Well, all our bench players sucked today. Mike James have been off since his hot start, if he doesn't start showing some consistency I'm ready to start encouraging going to Francis and Brooks for PT. 

Yao 4 MVP!!!


----------



## Krimzon (Feb 26, 2007)

Yao and T-Mac saved the day. Francis is Wells of last year.


----------



## OneBadLT123 (Oct 4, 2005)

Yao Mania said:


> Well, all our bench players sucked today. Mike James have been off since his hot start, if he doesn't start showing some consistency I'm ready to start encouraging going to Francis and Brooks for PT.
> 
> *Yao 4 MVP!!!*


The way he has been dominating the game, this isn't exactly what I would consider a long shot.
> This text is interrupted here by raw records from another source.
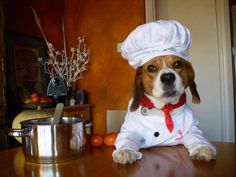 a dog wearing a chef's outfit sitting on a table next to a pot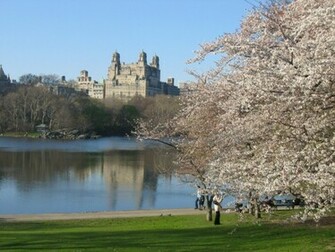 Central Park Wallpaper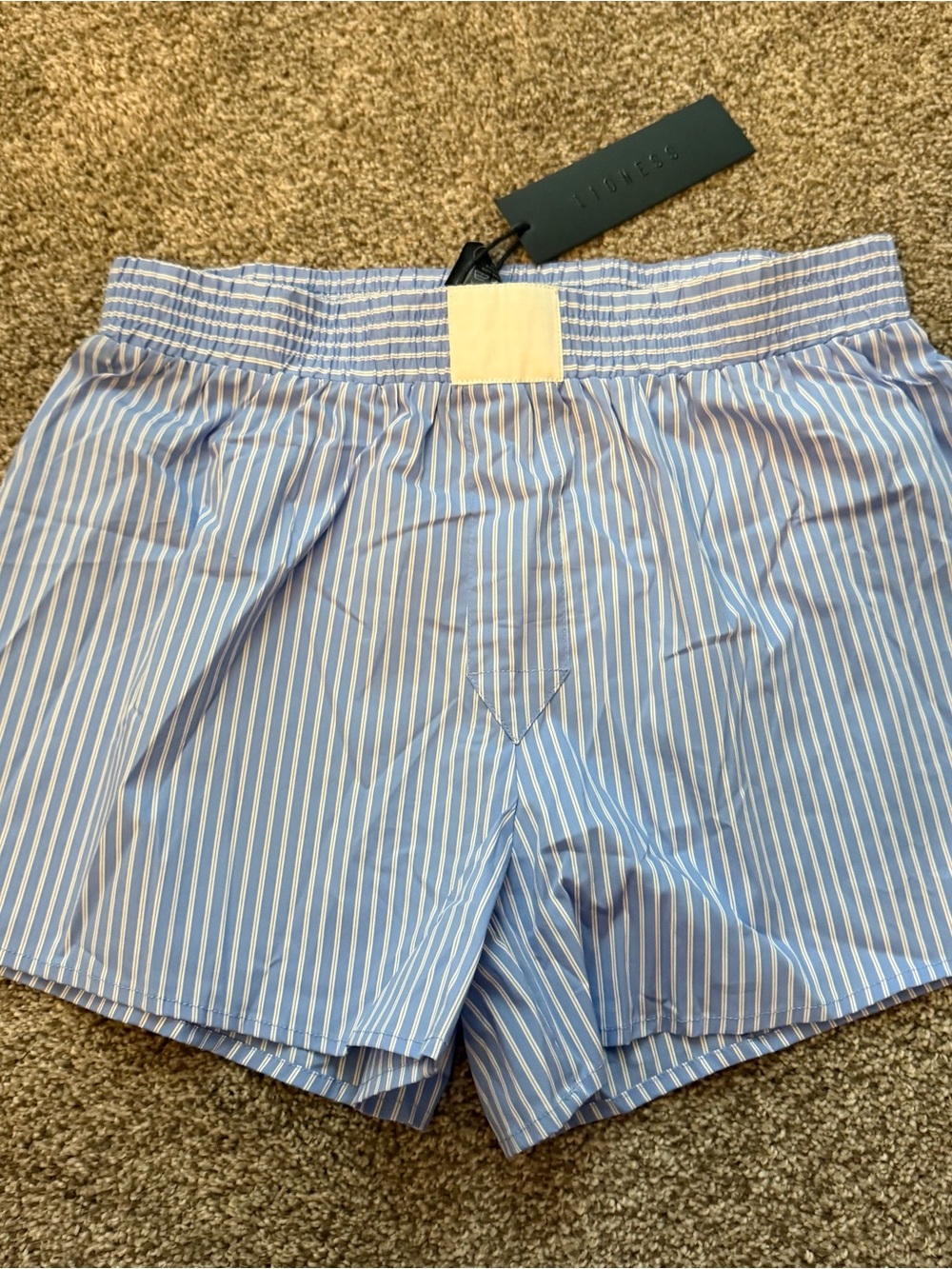 Lioness Blue & White Striped Cobain Shorts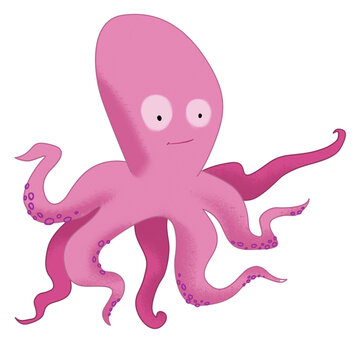 isolated octopus illustration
He is playing legitimate MVP ball. Not just because his numbers are similar, but his assists, and blocks are up as well.


----------



## hroz (Mar 4, 2006)

Yao was shooting at an extremely high % but he still only got 15 shots..........


NOTE I didnt watch the game but I wanted to make that point maybe there was a good reason for it?????????


----------



## HayesFan (Feb 16, 2006)

hroz said:


> Yao was shooting at an extremely high % but he still only got 15 shots..........
> 
> 
> NOTE I didnt watch the game but I wanted to make that point maybe there was a good reason for it?????????



He touched the ball on a lot of possessions, set screens to get Tmac open shots or they tried to get him the ball and forced it inside ending in a turnover. He also had a couple of slick passes out to shooters that missed. Should have had more assists.

He played a great game on both ends of the court last night.


----------



## hroz (Mar 4, 2006)

HayesFan said:


> He touched the ball on a lot of possessions, set screens to get Tmac open shots or they tried to get him the ball and forced it inside ending in a turnover. He also had a couple of slick passes out to shooters that missed. Should have had more assists.
> 
> He played a great game on both ends of the court last night.


Thanks. Having watched a 3 games(in exam period in Australia so only 3) this season I feel like Yao passes off too much. He has the ability to beat the double team and wish he would try now and again. Not sure if this game was one of them but it would be interesting to watch.


----------



## Dean the Master (Feb 19, 2006)

Missed the comeback win by the Rockets? Want to see T-Mac got blocked by Okafor (haha, maybe you want to see it)? Here is the highlights video  of the Sunday evening Rockets comeback win. Enjoy.


----------



## Cornholio (Feb 13, 2005)

Dean the Master said:


> Missed the comeback win by the Rockets? Want to see T-Mac got blocked by Okafor (haha, maybe you want to see it)? Here is the highlights video  of the Sunday evening Rockets comeback win. Enjoy.


Those highlights are the only way I've been able to see the Rockets, but this week ESPN supposedly(sp?) will show both games against LA and SA. :yay:


----------